Brief:
Only the lines below from the one with "Lone Wolf in Birch Forest Poster" through the one with "An Analysis of" are to be written out, exactly and without any images.
(Supplied material)
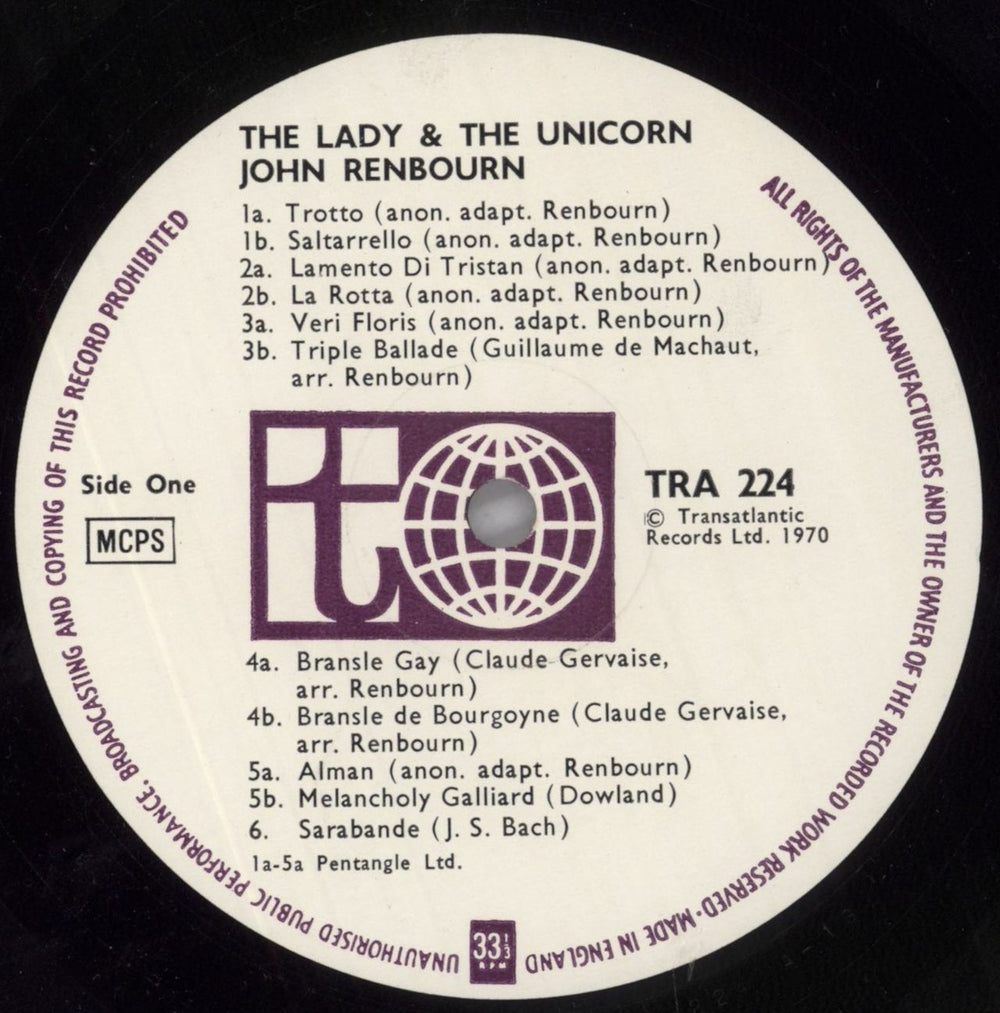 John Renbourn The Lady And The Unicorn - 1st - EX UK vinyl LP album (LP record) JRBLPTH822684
(End Supplied material)
(Supplied material)
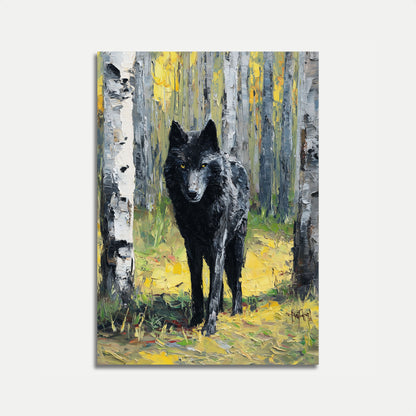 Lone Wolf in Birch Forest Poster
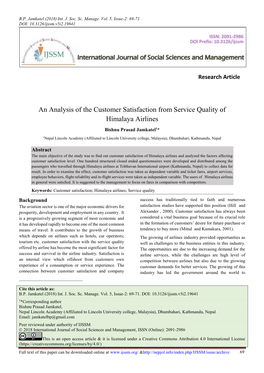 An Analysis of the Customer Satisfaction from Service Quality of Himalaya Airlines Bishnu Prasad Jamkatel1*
(End Supplied material)
(Supplied material)
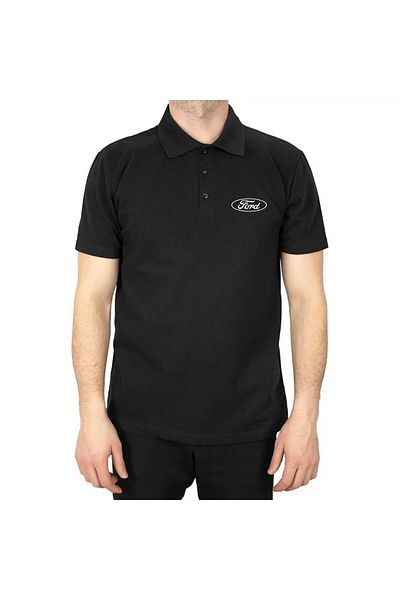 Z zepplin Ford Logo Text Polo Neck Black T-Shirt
(End Supplied material)
Worked solution:
 Lone Wolf in Birch Forest Poster
 An Analysis of the Customer Satisfaction from Service Quality of Himalaya Airlines Bishnu Prasad Jamkatel1*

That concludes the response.